---------- Data for review ----------

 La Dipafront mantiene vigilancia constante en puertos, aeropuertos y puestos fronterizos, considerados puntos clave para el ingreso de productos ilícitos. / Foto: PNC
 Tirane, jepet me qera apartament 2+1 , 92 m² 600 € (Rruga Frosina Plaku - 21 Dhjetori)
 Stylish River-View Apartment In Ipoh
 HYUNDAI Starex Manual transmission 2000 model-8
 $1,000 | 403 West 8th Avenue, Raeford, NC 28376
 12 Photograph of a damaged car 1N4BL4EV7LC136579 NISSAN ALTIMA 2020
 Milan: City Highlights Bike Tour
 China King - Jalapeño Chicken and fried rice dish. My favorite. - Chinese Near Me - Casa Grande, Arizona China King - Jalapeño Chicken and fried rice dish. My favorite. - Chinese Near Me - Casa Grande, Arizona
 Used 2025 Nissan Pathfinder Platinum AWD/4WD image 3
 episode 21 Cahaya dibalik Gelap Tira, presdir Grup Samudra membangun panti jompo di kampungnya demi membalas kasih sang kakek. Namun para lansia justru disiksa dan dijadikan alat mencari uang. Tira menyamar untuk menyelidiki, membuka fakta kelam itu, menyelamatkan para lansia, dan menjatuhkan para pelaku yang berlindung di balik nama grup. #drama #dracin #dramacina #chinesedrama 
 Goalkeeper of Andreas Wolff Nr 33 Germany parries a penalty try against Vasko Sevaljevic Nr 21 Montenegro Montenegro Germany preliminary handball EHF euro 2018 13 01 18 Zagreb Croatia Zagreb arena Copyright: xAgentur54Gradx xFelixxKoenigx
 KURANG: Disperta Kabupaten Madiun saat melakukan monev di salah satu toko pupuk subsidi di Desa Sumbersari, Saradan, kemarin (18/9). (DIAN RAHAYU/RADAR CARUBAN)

----------

* Exercise brief: Collect each line of the entries that has the word "para", copying it in full.

* Answer to the exercise:
 La Dipafront mantiene vigilancia constante en puertos, aeropuertos y puestos fronterizos, considerados puntos clave para el ingreso de productos ilícitos. / Foto: PNC
 episode 21 Cahaya dibalik Gelap Tira, presdir Grup Samudra membangun panti jompo di kampungnya demi membalas kasih sang kakek. Namun para lansia justru disiksa dan dijadikan alat mencari uang. Tira menyamar untuk menyelidiki, membuka fakta kelam itu, menyelamatkan para lansia, dan menjatuhkan para pelaku yang berlindung di balik nama grup. #drama #dracin #dramacina #chinesedrama 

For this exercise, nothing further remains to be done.